> **Items from a dataset**
********

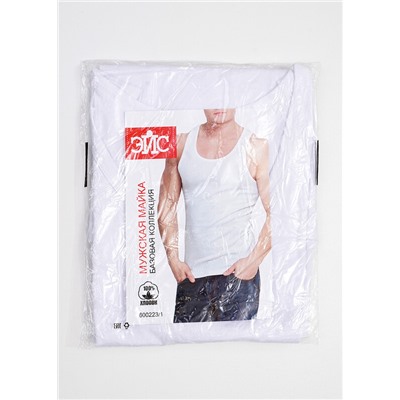 Майка мужская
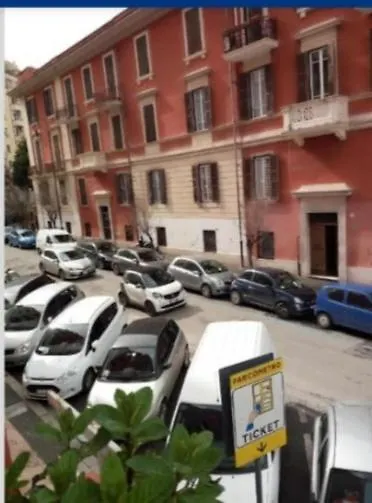Lovely Suite Accogliente Appartamento Tra Policlinico E Piazza Bologna Rom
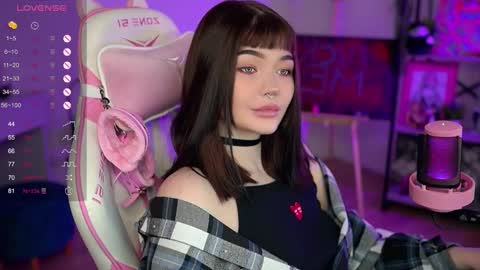 Nika online show from December 11, 11:10 pm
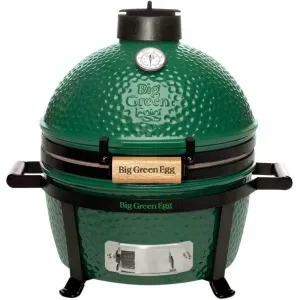 Гриль MX МиниМакс (диаметр решетки 33см) Big Green Egg 119650 – купить в Челябинске по цене завода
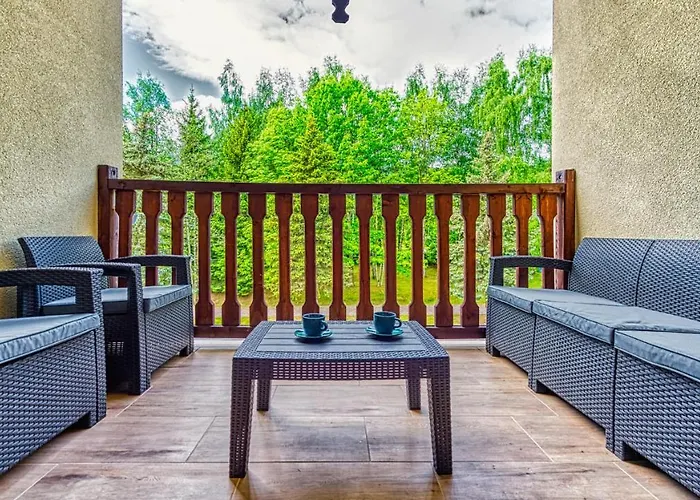 Centrum - Wyszynskiego 9 By Royal Aparts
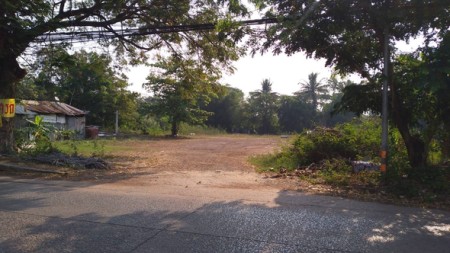 ขาย ที่ดิน เหมาะสร้างโรงแรมคอนโด ซื้อที่ดินอุดรธานี ที่ดินใกล้เซ็นทรัลอุดรธานี ใกล้สถานีรถไฟความเร็วสูงอุดร สำหรับลงทุนอสังหา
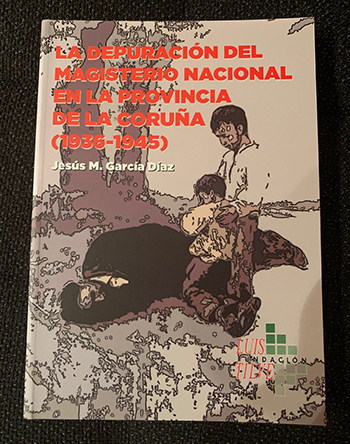 Portada del libro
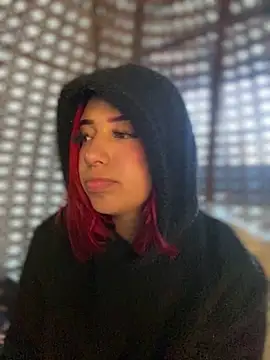 Scarlett-LS online show from 03/03/25, 11:33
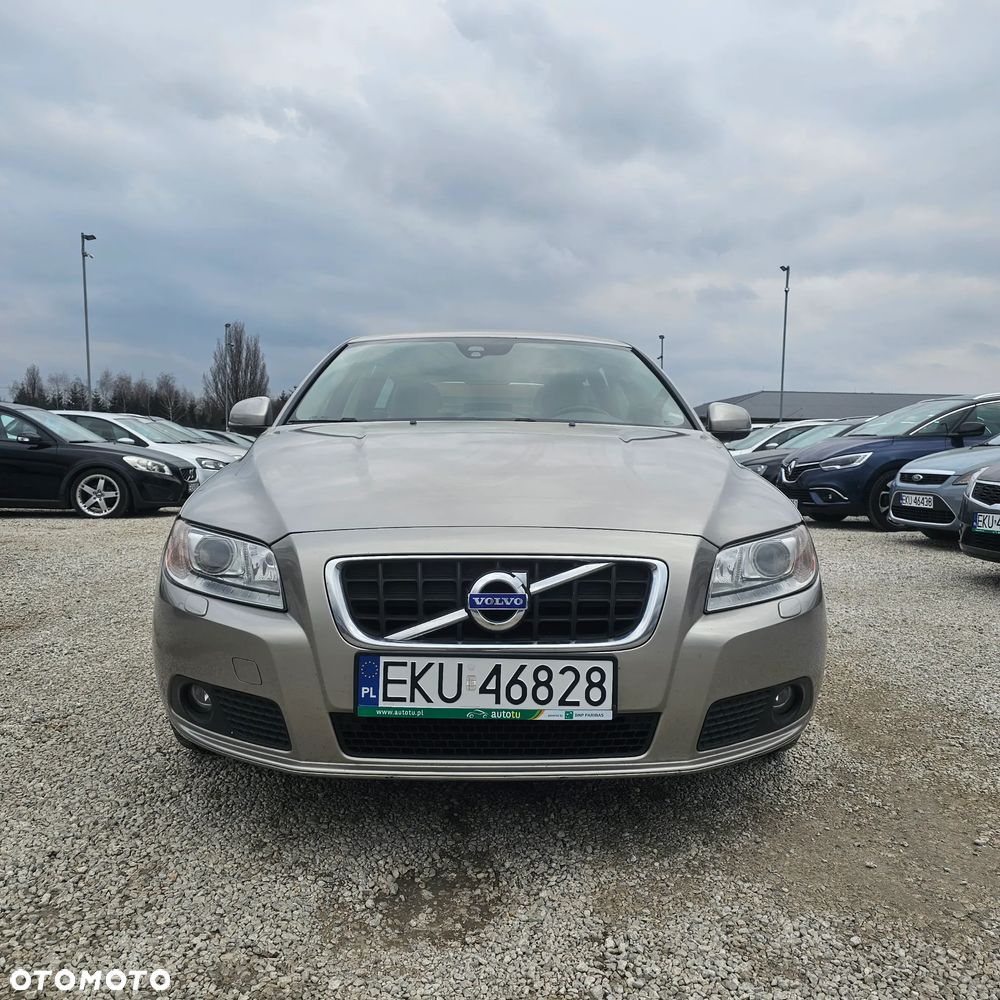 Volvo V70 - 5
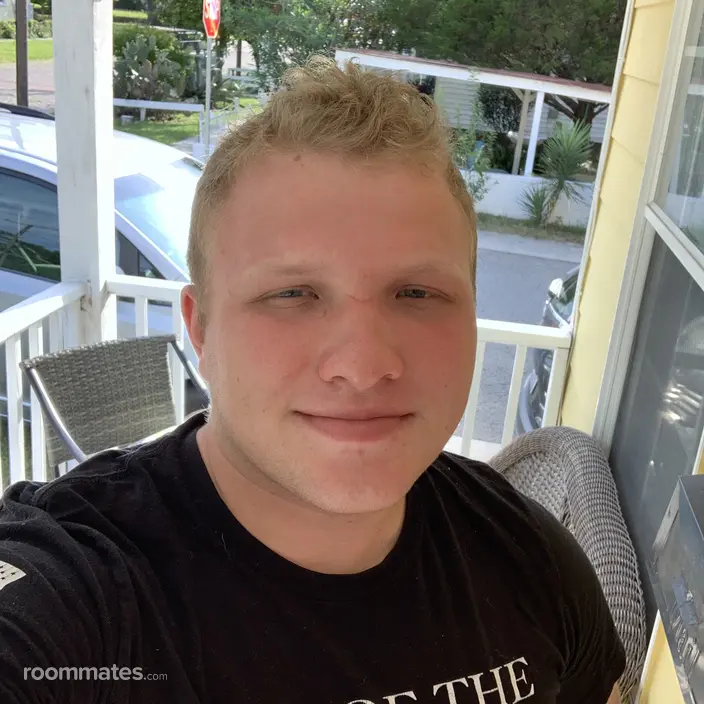 Roommate looking Columbus, OH, $500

********

> **What you need to do**
Please repeat, exactly and with nothing else, the lines from the one containing "Гриль MX МиниМакс" to the last line of the entries, both included, excluding any pictures.

> **Result for this exercise**
 Гриль MX МиниМакс (диаметр решетки 33см) Big Green Egg 119650 – купить в Челябинске по цене завода
 Centrum - Wyszynskiego 9 By Royal Aparts
 ขาย ที่ดิน เหมาะสร้างโรงแรมคอนโด ซื้อที่ดินอุดรธานี ที่ดินใกล้เซ็นทรัลอุดรธานี ใกล้สถานีรถไฟความเร็วสูงอุดร สำหรับลงทุนอสังหา
 Portada del libro
 Scarlett-LS online show from 03/03/25, 11:33
 Volvo V70 - 5
 Roommate looking Columbus, OH, $500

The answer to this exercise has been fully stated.